Now. Purr. So she relaxes.
Mischief blinked slowly, tail twitching. Then, shockingly, she purred. Loudly and deeply. You actually laughed, easing into the moment, and Bucky glanced up at you with that rare, boyish half-smile that made your chest ache.
You knew that had been Alpine's doing. And Mischief, traitor that she was, seemed fine with it.
The third clue? Bucky confessed it.
You were sitting together in the lounge late one night, watching the rain tap softly at the windows, each of you nursing mugs of tea. Mischief dozed between you on the couch. Alpine had curled beside her, touching, no less. A miracle in itself.
Bucky tilted his head toward the sleeping cats. “You know, Alpine's been… weird.”
“Weird how?”
He hesitated. “She… keeps pushing me toward you.”
Your heart did a very stupid, very hopeful thing. “She told you that?”

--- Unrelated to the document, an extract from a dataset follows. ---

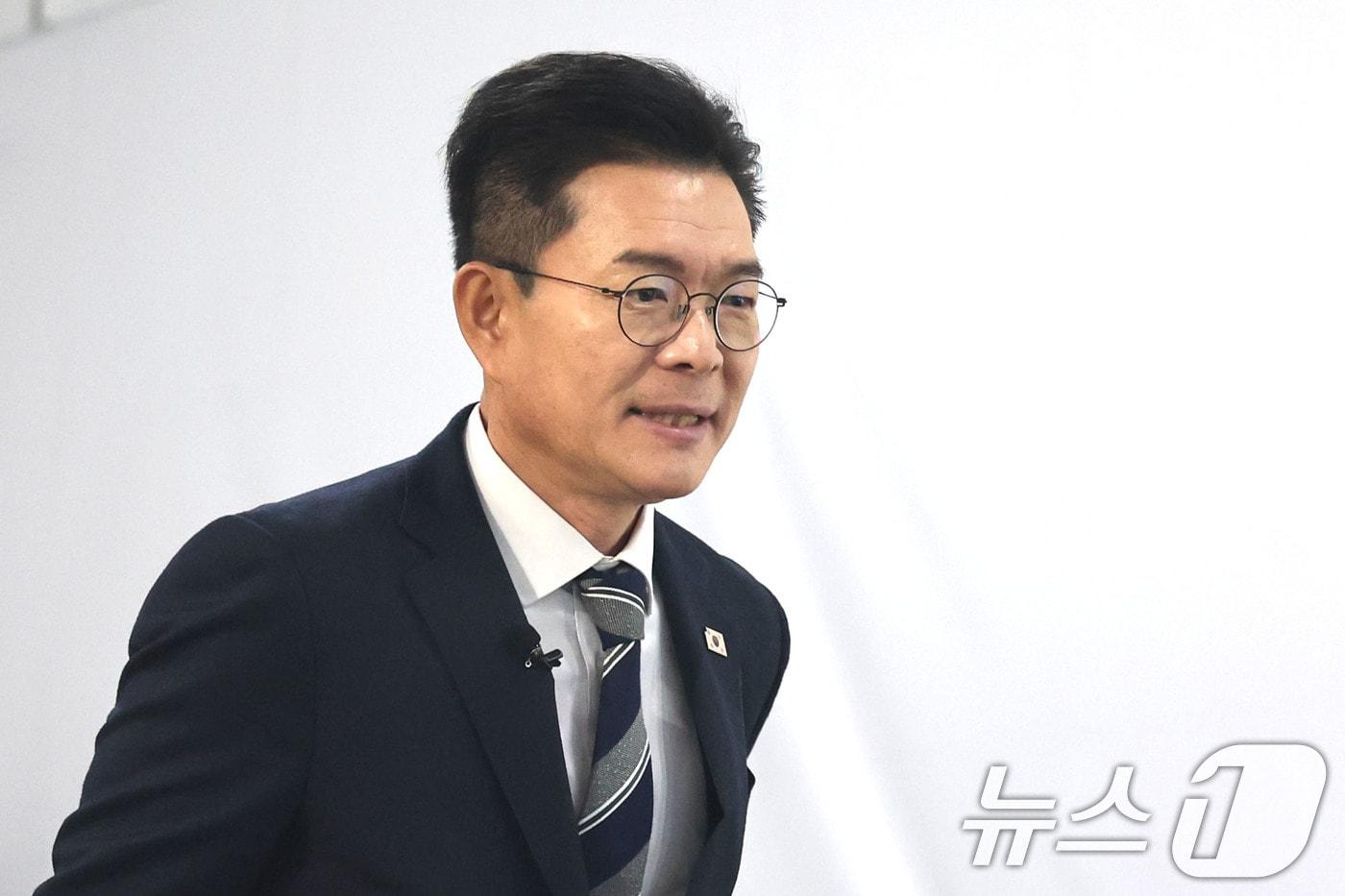 본문 이미지 - 정원오 성동구청장이 서울 영등포구 문래동 복합문화공간 올댓마인드에서 열린 북콘서트에 참석하고 있다. 정 구청장은 이자리에서 서울시장 출마와 관련해 "출마 채비를 마쳤다＂고 밝혔다 2026.2.8 ⓒ 뉴스1 이광호 기자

He gave you a sheepish look. “She doesn’t talk to me like she talks to you, of course. But she’ll nudge me when I move away too soon. Block seats unless I sit beside you. Once she knocked my phone out of my hand when I was trying to leave the room.”
You could feel your heart beat faster, but tried to cover up your nervousness with a laugh, joking a little. “She’s matchmaking.”
“I think Mischief’s in on it, too. Last night, she dragged your hoodie into my room.”
Your eyebrows shot up. So that’s where your hoodie went, of all places.
“And then Alpine slept on it like it was a peace offering.”
You looked down at the two curled balls of fur, now subtly pressed together. Mischief’s tail lay loosely draped over Alpine’s back.
“Is this what a truce looks like?” You whispered.
Bucky’s fingers brushed yours, and you didn’t pull away.
“Looks like,” He murmured.
You didn’t answer this time, but your fingers curled around Bucky’s gently as Alpine purred softly and Mischief, even in sleep, didn’t object.
That was enough of an answer until either of you could act on the same thing both of your hearts wanted.